Noise varies across conditions, subjects, sessions. Hence, you have to be very careful and consider whether the effect you are finding (e.g. different spatial characteristics) is not inadvertently caused by some variation in noise.
Preprocessing
fMRI data are typically pre-processed, and you have to think about what these pre-processing steps are doing to the spatial resolution/accuracy of your data.
Motion correction - If the head moves, you have to "put it back" in order to do almost any reasonable analysis of the data. But interpolation is not magic. It's the best you can do, but the resulting image still has imperfections, and will have a bit of extra blurriness.
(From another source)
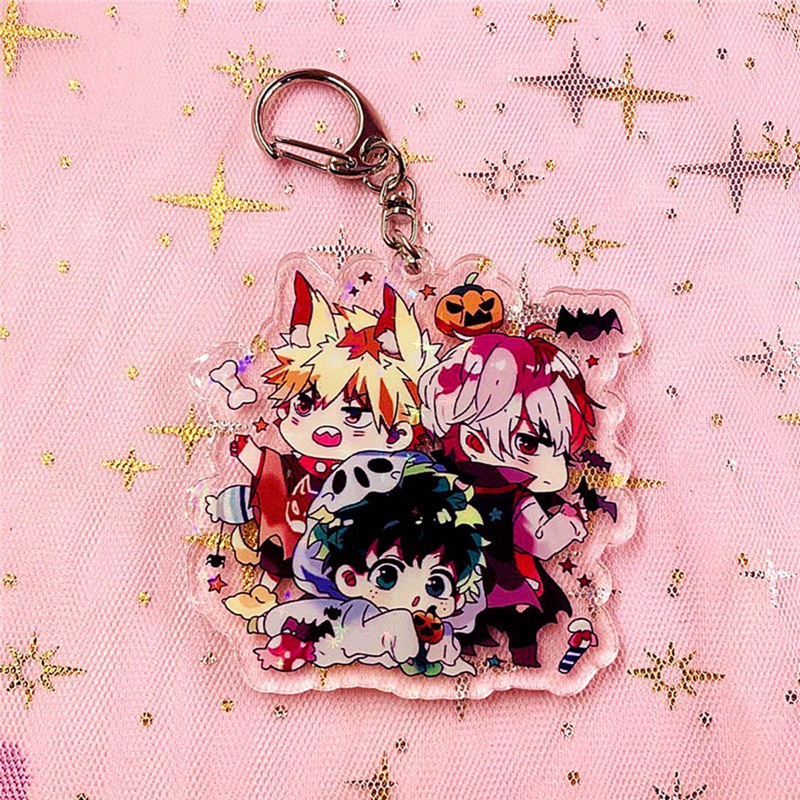 Móc Khóa Hai Mặt Bằng Acrylic Trong Suốt Hình Anime My Hero Academia Todoroki Shouto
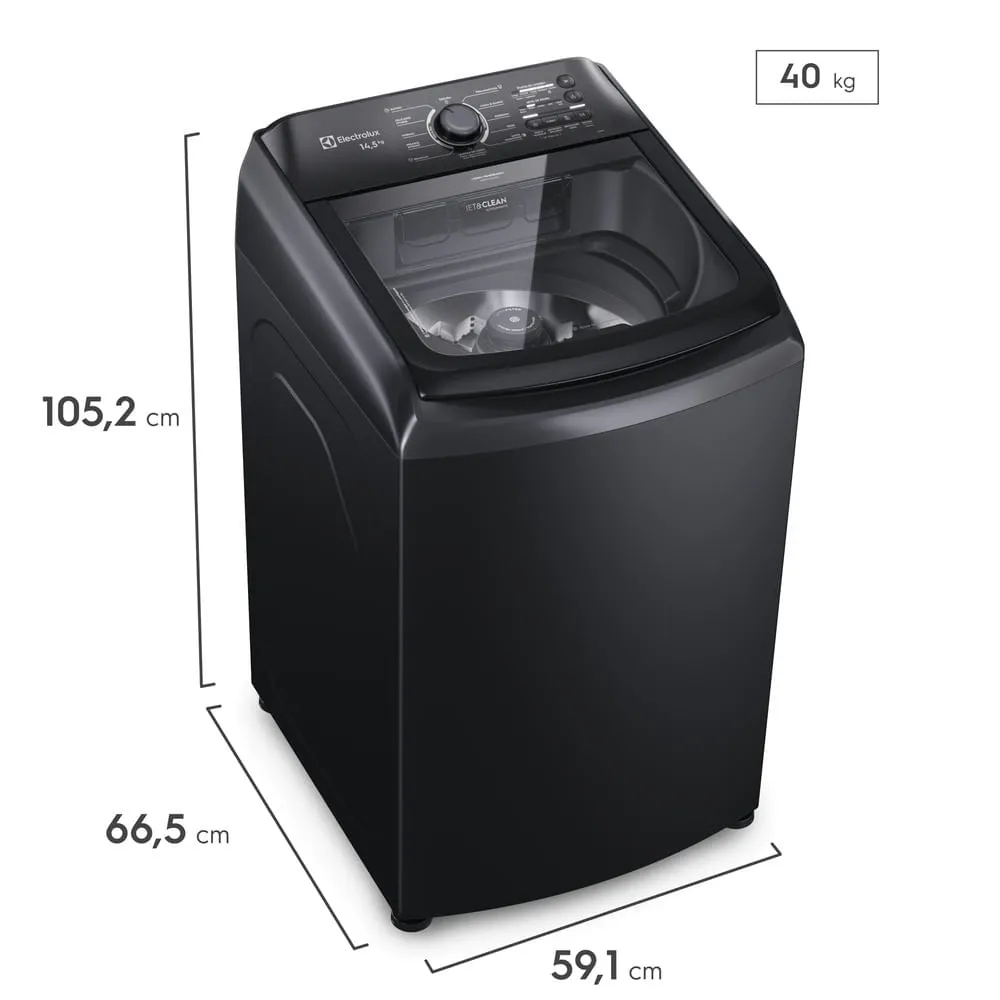 Máquina de Lavar Electrolux 14,5kg Preta Efficient Cesto Inox, Jet&Clean e Filtro Fiapos (LEP15)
Group atlas space - If you use a group space, you should consider if anatomical variability across subjects is contributing to your analysis result.
Spatial smoothing - here, for various reasons, we deliberately induce extra intrinsic smoothness into the data
Upsampling - OBVIOUSLY, after upsampling, voxels are by no means independent.
Practical analysis ideas:
Extrapolation method. If you have multiple trials, we can try to extrapolate and see what data characteristics would have been obtained in the limit of infinite number of trials. See Figure 12 in this paper.
You could try your analysis on some empirical control data. For example, you could take some resting-state data. The advantage is that you are doing many exact matches: the same human, imaged using the exact same pulse sequence, etc.
One problem is that resting-state data has a lot of interesting spatial structure, and maybe this is too strong of a control. So, we might wonder is it possible to have more of a white noise human control, somehow?
You could deliberately use an incorrect design matrix in conjunction with your actual data.
You could make some idealize simulated data. This is very tricky, as you have to make strong assumptions about the nature of what type of noise to generate.
Relative comparisons - One approach is to just accept that you can't make absolute claims about the spatial characteristics of your data, but at least you can make relative comparisons (e.g. compare one brain region to another).